The problem: Your answer must be the full listing below, restated word for word, with no pictures in it.

Given information:

+ + + +

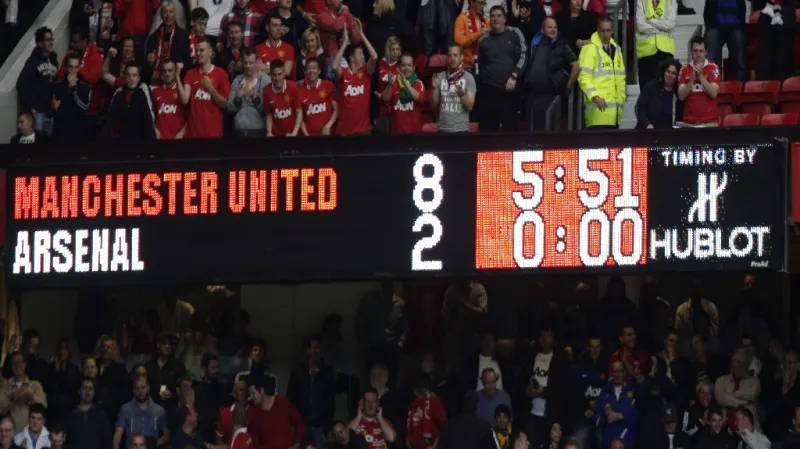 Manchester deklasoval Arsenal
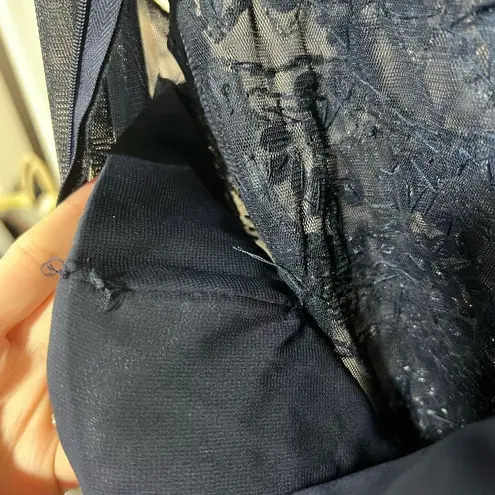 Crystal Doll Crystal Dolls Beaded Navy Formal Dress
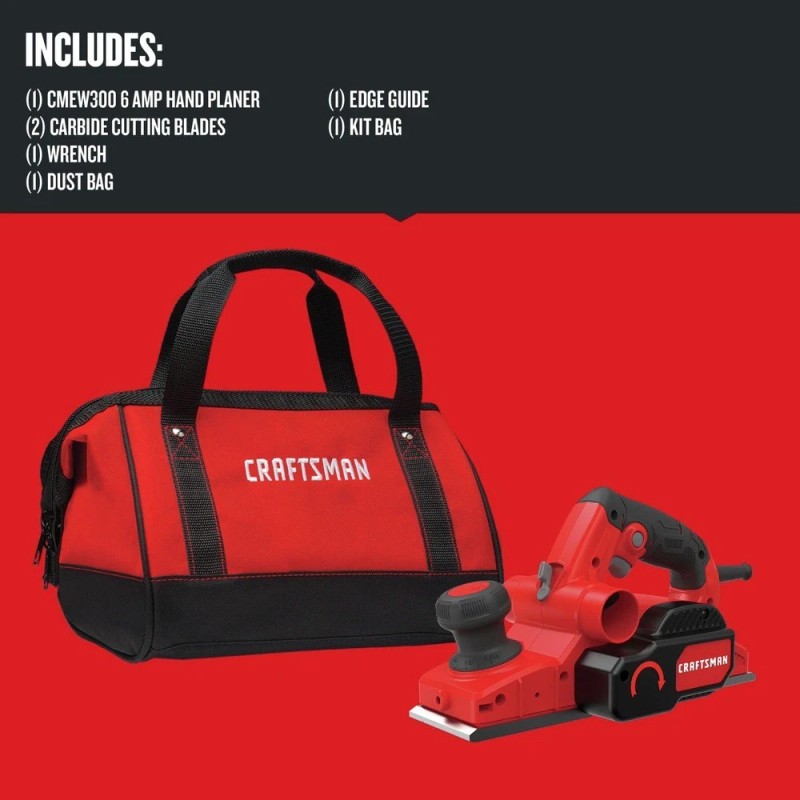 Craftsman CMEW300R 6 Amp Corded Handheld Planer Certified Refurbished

+ + + +

Exercise response:
 Manchester deklasoval Arsenal
 Crystal Doll Crystal Dolls Beaded Navy Formal Dress
 Craftsman CMEW300R 6 Amp Corded Handheld Planer Certified Refurbished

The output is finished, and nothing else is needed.